Your goal: Each line that contains the word "Open" counts once; give the total for the records below and nothing else.

[Short web captions]
━━━━━━━━

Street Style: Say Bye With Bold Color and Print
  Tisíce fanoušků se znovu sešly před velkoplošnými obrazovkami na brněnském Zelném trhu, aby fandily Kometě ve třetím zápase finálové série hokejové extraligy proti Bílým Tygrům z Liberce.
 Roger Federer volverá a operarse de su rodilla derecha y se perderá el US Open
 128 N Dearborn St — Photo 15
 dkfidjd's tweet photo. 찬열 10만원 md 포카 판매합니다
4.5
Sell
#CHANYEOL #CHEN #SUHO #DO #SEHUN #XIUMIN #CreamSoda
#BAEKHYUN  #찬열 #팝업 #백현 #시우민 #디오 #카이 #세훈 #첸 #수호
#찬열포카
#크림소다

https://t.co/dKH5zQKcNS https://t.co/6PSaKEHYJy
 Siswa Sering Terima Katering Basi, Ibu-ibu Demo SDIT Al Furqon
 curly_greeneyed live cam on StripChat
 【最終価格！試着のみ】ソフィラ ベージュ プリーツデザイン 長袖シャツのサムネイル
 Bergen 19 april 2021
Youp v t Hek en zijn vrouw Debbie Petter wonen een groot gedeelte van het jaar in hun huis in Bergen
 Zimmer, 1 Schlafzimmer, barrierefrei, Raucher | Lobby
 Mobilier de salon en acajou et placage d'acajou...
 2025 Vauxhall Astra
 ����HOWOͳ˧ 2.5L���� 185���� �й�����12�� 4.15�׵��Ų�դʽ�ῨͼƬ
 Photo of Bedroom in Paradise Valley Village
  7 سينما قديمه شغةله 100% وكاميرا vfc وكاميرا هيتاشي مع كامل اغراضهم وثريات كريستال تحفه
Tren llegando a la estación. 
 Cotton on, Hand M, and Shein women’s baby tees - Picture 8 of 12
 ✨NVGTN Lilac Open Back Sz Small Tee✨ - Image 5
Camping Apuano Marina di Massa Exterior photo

━━━━━━━━

Solved exercise: 2